Cam tavanla ilgili araştırmaların çoğu, örgütsel kültürün, kadınların kariyerleri için engel oluşturmasının dinamiği olan dış çevre ile seçme mekanizması üzerinde yoğunlaşmıştır. Kadınların kendilerine karşı önyargılı olan seçme süreçleriyle susturuldukları ve egemen erkek kültüründen dışlandıkları tartışılmaktadır. Cinsiyet şemaları, cinsiyet stereotipleri veya önyargılı tutumlar gibi dışlama mekanizmalarının tümünün önemli rol oynadıkları ve kadınların aleyhindeki yargılamaları ve değerlendirmeleri etkiledikleri görülmüştür (Vianen ve Fischer, 2002: 316).

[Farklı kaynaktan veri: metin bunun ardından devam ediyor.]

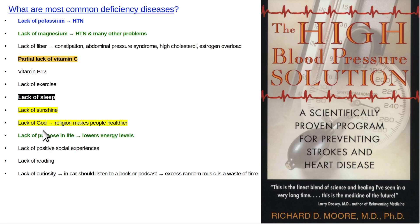Religion — what does it mean in Latin? Religate, to ligate — to tie together. So it brings communities together, and there are a lot of positive benefits to it. Having a purpose in life — whatever you do that you care about, make that your purpose in life and you'll lead a more energetic life and probably be a lot happier.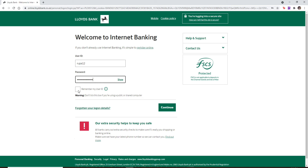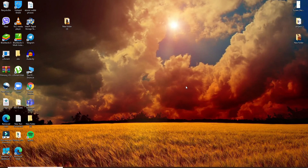Make sure to uncheck the box if you are using a public or shared computer. But if you'd like the system to remember your user ID, you can check this box before logging in. After everything is set, click on Continue and you'll be logged into your Lloyds Bank account with just a few simple steps.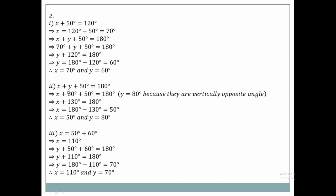So Y equals 80 degrees — you can see vertically opposite angles. If Y is 80 degrees, then X plus 80 plus 50 equals 180. So X equals 50 degrees.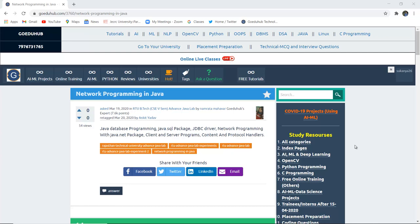Network Programming in Java. How can we do Java database programming? What is a Java.SQL package, JDBC driver, and network programming? What are the several components of it?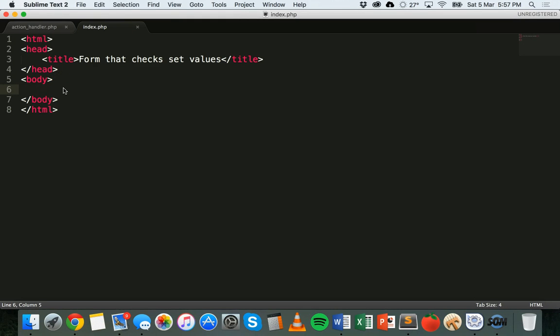Hi and welcome to another PHP tutorial. In this tutorial I'm going to show you how to check that the user has entered data into a form using the isset function, which is an inbuilt PHP function. We're going to check for set values. For this example I'll create a form with radio buttons — like a little quiz — where the user must select an answer from one of the options.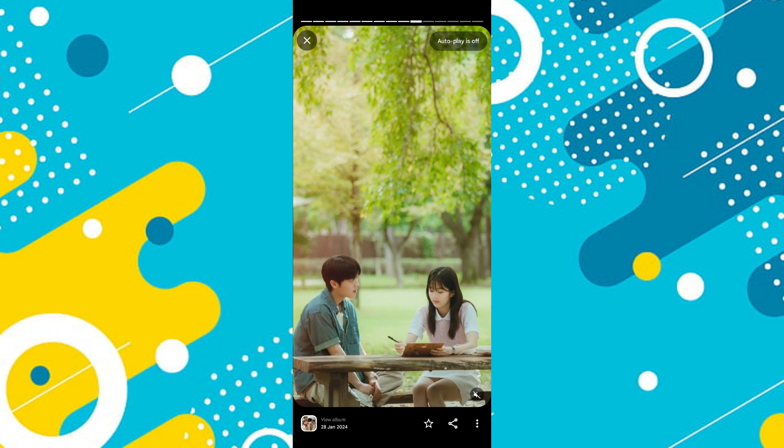First, open the Google Photos app and find the photo that contains the people you want to add. For example, select the desired photo. In this example, I'll choose a photo with two people in it.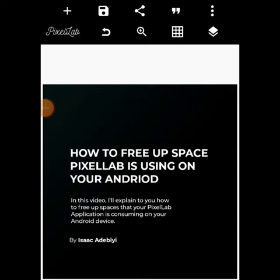Hey, welcome to this video. It's Isaac Adeb here, and I'm going to be explaining how to free up space that Pixel Lab is using on your Android device. I understand that many designers use Pixel Lab for their designs, and it consumes so much space.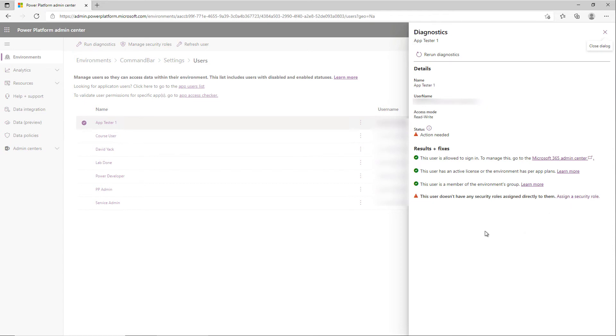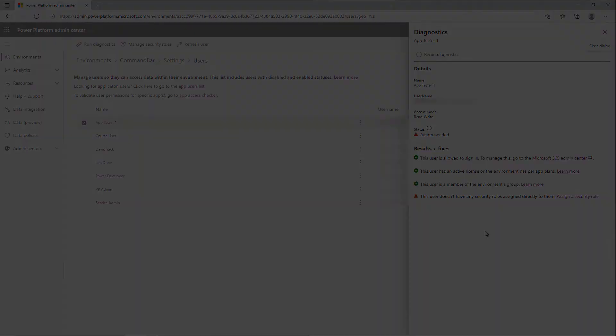So next time you have trouble with a user not able to get to an application, try running user diagnostics and see what you get.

İşte kadınların giderek daha iyi eğitimli olmalarına, daha fazla işe sahip olmalarına karşın hala mesleki ve örgütsel ayrımla karşı karşıya oldukları veya çok azının yöneticilik pozisyonunda görev almaları, cam tavanı delerek yönetimin üst düzeylerine ulaşabildikleri de bir gerçektir. Fakat buna karşı cam tavanın korunmasına yönelik olarak, kadınların iş yaşamına daha fazla katılması ve üst düzey yöneticilik mevkiine daha fazla dahil olmaya başladığı son yıllarda erkek egemen kültür ve/veya cam tavan erkekler tarafından geliştirilmiş, yeni bir formül ortaya atılmıştır. “Presenteizm” olarak adlandırılan ve işteki etkili performans için, gerekli olan zamandan daha fazla süre işte kalma olarak tanımlanan bu uygulamanın, kadın yükselmesinin önüne geçmekten başka bir anlama gelmeyeceği düşünülmektedir. Mallon ve Cassel, kadınların yükselme ve kariyer geliştirmeye yardım eden ve engelleyen faktörleri incelemiş ve bu araştırmanın sonuçlarına göre araştırmaya katılan kadınların % 70’i örgüt kültürü, örgüt uygulanan politika ve uygulamaların kariyer yapmaları önünde bir engel olduğunu belirtmişlerdir.